How to complete this task: From the first record to the last, write each one out again exactly.
##############################
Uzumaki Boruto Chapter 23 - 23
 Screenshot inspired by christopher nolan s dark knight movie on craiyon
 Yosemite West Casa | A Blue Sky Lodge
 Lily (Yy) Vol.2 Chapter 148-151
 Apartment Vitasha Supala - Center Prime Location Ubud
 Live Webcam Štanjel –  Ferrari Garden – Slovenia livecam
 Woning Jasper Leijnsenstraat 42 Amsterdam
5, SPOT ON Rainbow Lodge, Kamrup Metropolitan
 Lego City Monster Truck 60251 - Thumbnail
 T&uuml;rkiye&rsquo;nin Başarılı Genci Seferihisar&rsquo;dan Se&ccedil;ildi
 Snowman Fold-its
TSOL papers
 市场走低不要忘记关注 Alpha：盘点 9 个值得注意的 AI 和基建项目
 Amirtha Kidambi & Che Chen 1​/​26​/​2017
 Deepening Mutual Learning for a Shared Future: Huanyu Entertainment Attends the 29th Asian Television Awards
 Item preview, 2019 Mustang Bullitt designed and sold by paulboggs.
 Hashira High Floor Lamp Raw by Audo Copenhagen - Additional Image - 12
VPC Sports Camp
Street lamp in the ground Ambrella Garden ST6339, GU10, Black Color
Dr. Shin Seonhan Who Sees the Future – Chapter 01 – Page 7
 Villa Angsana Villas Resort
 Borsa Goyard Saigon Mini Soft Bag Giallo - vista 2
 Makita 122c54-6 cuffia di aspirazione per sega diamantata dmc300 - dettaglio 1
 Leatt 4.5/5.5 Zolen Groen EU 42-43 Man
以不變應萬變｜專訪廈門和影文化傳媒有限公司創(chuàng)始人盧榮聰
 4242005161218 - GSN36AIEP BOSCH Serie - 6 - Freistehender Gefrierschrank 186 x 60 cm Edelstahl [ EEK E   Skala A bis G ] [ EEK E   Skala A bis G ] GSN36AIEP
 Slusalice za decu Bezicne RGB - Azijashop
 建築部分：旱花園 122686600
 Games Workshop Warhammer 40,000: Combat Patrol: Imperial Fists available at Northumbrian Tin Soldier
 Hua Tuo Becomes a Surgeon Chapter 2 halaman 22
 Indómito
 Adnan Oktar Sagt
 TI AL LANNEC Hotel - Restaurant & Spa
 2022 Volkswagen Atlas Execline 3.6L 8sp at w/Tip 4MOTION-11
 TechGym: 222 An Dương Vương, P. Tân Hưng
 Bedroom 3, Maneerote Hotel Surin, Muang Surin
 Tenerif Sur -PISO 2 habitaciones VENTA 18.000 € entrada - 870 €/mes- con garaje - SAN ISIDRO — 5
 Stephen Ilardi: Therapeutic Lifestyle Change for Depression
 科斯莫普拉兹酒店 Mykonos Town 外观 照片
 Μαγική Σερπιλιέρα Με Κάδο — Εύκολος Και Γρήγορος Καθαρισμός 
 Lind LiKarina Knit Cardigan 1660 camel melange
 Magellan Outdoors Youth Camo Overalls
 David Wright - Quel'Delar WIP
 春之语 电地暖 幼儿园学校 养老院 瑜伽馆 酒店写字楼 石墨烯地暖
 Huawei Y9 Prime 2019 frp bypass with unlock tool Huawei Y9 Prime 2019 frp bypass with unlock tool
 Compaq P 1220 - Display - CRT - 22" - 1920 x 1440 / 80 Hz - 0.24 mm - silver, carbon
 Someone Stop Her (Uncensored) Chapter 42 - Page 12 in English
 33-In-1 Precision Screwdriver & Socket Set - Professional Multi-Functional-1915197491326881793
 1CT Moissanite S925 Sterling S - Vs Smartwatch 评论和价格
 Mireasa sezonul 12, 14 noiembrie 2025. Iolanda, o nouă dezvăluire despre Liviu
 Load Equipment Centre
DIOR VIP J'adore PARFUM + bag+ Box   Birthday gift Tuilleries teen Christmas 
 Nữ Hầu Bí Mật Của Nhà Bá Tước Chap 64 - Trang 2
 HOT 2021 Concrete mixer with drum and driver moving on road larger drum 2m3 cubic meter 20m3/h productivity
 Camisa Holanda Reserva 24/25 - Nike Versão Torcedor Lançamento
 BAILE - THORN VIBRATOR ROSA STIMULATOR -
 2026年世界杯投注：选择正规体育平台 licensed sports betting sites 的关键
##############################
Solution to the problem:
Uzumaki Boruto Chapter 23 - 23
 Screenshot inspired by christopher nolan s dark knight movie on craiyon
 Yosemite West Casa | A Blue Sky Lodge
 Lily (Yy) Vol.2 Chapter 148-151
 Apartment Vitasha Supala - Center Prime Location Ubud
 Live Webcam Štanjel –  Ferrari Garden – Slovenia livecam
 Woning Jasper Leijnsenstraat 42 Amsterdam
5, SPOT ON Rainbow Lodge, Kamrup Metropolitan
 Lego City Monster Truck 60251 - Thumbnail
 T&uuml;rkiye&rsquo;nin Başarılı Genci Seferihisar&rsquo;dan Se&ccedil;ildi
 Snowman Fold-its
TSOL papers
 市场走低不要忘记关注 Alpha：盘点 9 个值得注意的 AI 和基建项目
 Amirtha Kidambi & Che Chen 1​/​26​/​2017
 Deepening Mutual Learning for a Shared Future: Huanyu Entertainment Attends the 29th Asian Television Awards
 Item preview, 2019 Mustang Bullitt designed and sold by paulboggs.
 Hashira High Floor Lamp Raw by Audo Copenhagen - Additional Image - 12
VPC Sports Camp
Street lamp in the ground Ambrella Garden ST6339, GU10, Black Color
Dr. Shin Seonhan Who Sees the Future – Chapter 01 – Page 7
 Villa Angsana Villas Resort
 Borsa Goyard Saigon Mini Soft Bag Giallo - vista 2
 Makita 122c54-6 cuffia di aspirazione per sega diamantata dmc300 - dettaglio 1
 Leatt 4.5/5.5 Zolen Groen EU 42-43 Man
以不變應萬變｜專訪廈門和影文化傳媒有限公司創(chuàng)始人盧榮聰
 4242005161218 - GSN36AIEP BOSCH Serie - 6 - Freistehender Gefrierschrank 186 x 60 cm Edelstahl [ EEK E   Skala A bis G ] [ EEK E   Skala A bis G ] GSN36AIEP
 Slusalice za decu Bezicne RGB - Azijashop
 建築部分：旱花園 122686600
 Games Workshop Warhammer 40,000: Combat Patrol: Imperial Fists available at Northumbrian Tin Soldier
 Hua Tuo Becomes a Surgeon Chapter 2 halaman 22
 Indómito
 Adnan Oktar Sagt
 TI AL LANNEC Hotel - Restaurant & Spa
 2022 Volkswagen Atlas Execline 3.6L 8sp at w/Tip 4MOTION-11
 TechGym: 222 An Dương Vương, P. Tân Hưng
 Bedroom 3, Maneerote Hotel Surin, Muang Surin
 Tenerif Sur -PISO 2 habitaciones VENTA 18.000 € entrada - 870 €/mes- con garaje - SAN ISIDRO — 5
 Stephen Ilardi: Therapeutic Lifestyle Change for Depression
 科斯莫普拉兹酒店 Mykonos Town 外观 照片
 Μαγική Σερπιλιέρα Με Κάδο — Εύκολος Και Γρήγορος Καθαρισμός 
 Lind LiKarina Knit Cardigan 1660 camel melange
 Magellan Outdoors Youth Camo Overalls
 David Wright - Quel'Delar WIP
 春之语 电地暖 幼儿园学校 养老院 瑜伽馆 酒店写字楼 石墨烯地暖
 Huawei Y9 Prime 2019 frp bypass with unlock tool Huawei Y9 Prime 2019 frp bypass with unlock tool
 Compaq P 1220 - Display - CRT - 22" - 1920 x 1440 / 80 Hz - 0.24 mm - silver, carbon
 Someone Stop Her (Uncensored) Chapter 42 - Page 12 in English
 33-In-1 Precision Screwdriver & Socket Set - Professional Multi-Functional-1915197491326881793
 1CT Moissanite S925 Sterling S - Vs Smartwatch 评论和价格
 Mireasa sezonul 12, 14 noiembrie 2025. Iolanda, o nouă dezvăluire despre Liviu
 Load Equipment Centre
DIOR VIP J'adore PARFUM + bag+ Box   Birthday gift Tuilleries teen Christmas 
 Nữ Hầu Bí Mật Của Nhà Bá Tước Chap 64 - Trang 2
 HOT 2021 Concrete mixer with drum and driver moving on road larger drum 2m3 cubic meter 20m3/h productivity
 Camisa Holanda Reserva 24/25 - Nike Versão Torcedor Lançamento
 BAILE - THORN VIBRATOR ROSA STIMULATOR -
 2026年世界杯投注：选择正规体育平台 licensed sports betting sites 的关键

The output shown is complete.